[[ TASK DATA, beginning ]]

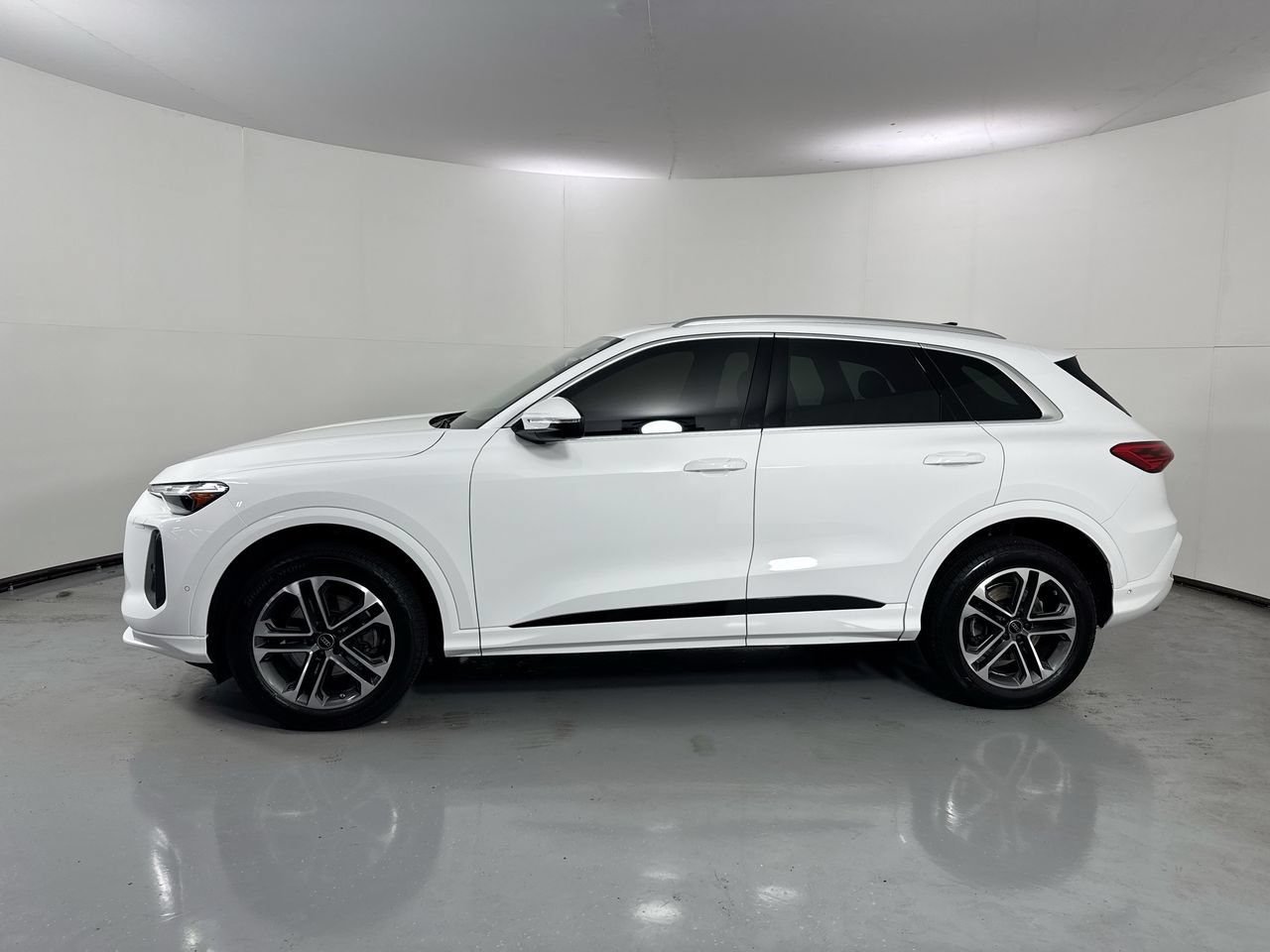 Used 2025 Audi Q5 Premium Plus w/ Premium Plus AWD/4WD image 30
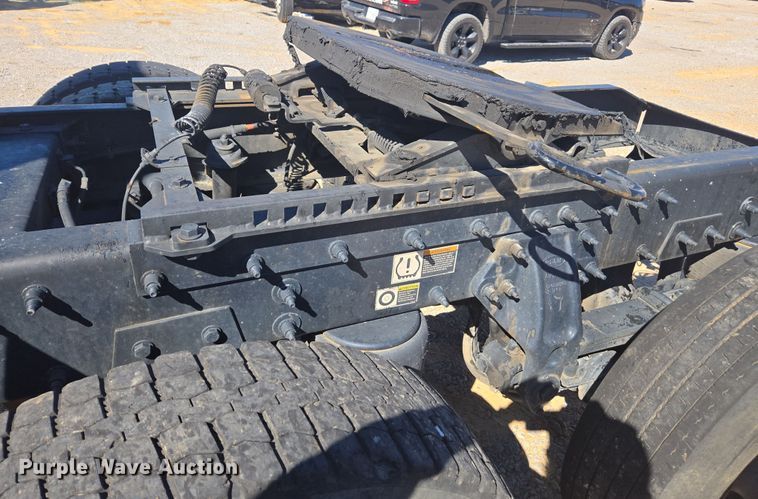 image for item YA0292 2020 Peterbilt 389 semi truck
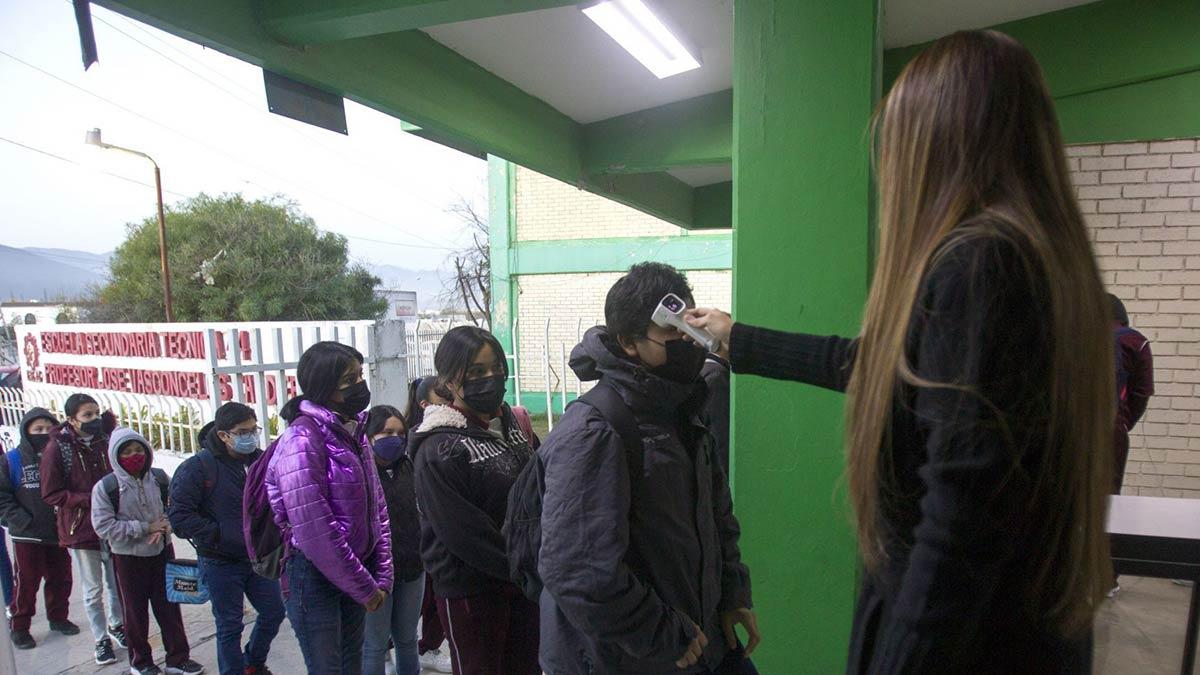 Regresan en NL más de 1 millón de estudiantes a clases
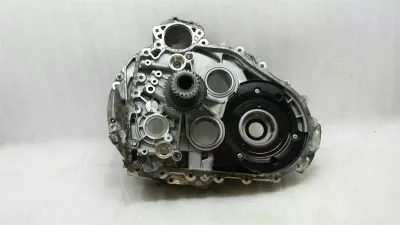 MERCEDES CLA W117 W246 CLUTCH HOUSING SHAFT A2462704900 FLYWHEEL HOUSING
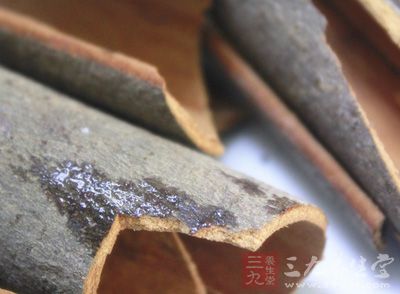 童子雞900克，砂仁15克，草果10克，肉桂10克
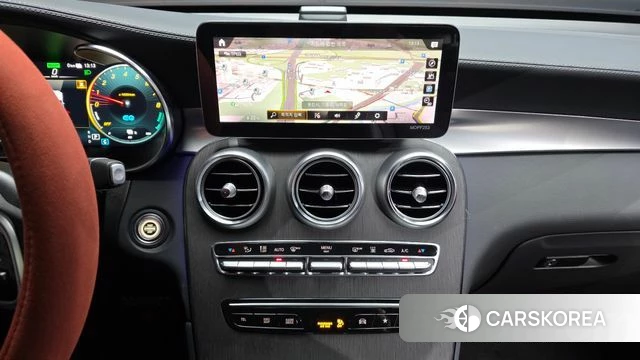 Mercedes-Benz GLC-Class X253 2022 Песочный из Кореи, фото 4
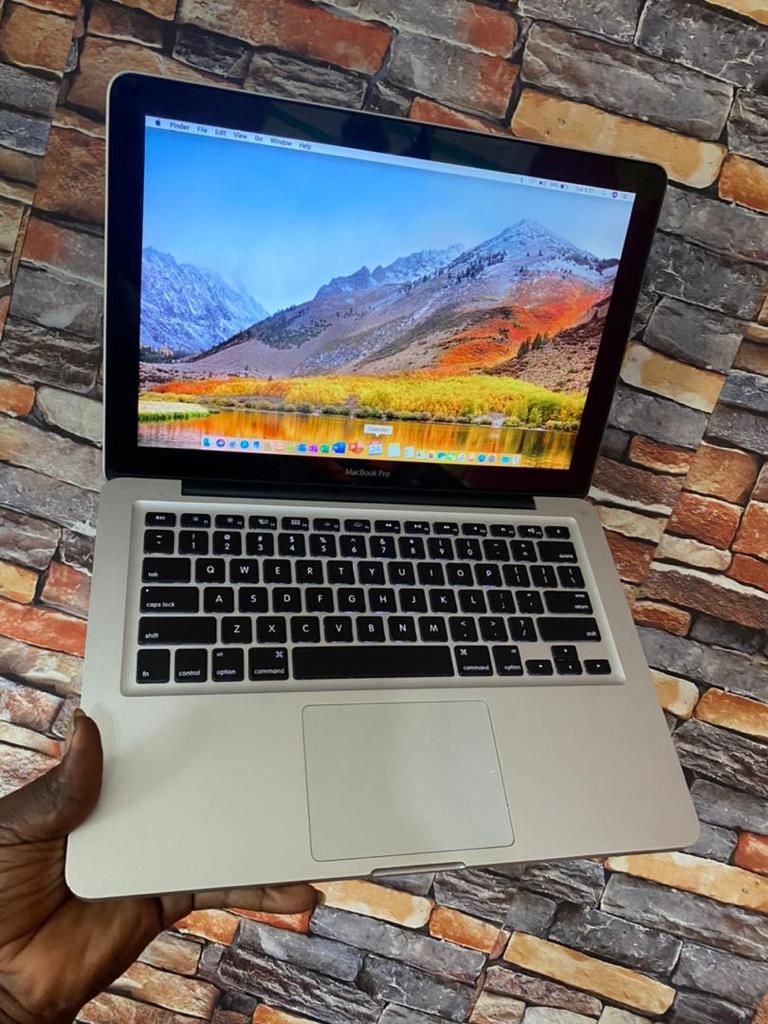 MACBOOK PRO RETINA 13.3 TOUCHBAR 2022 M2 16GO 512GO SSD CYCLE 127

[[ TASK DATA, end ]]

■ **ACTIVITY**
Return only what lies between the line containing "MERCEDES CLA W117" and the last line of the listing, those two lines included, exactly as written and with no pictures.

■ **COMPLETED EXERCISE**
 MERCEDES CLA W117 W246 CLUTCH HOUSING SHAFT A2462704900 FLYWHEEL HOUSING
 童子雞900克，砂仁15克，草果10克，肉桂10克
 Mercedes-Benz GLC-Class X253 2022 Песочный из Кореи, фото 4
 MACBOOK PRO RETINA 13.3 TOUCHBAR 2022 M2 16GO 512GO SSD CYCLE 127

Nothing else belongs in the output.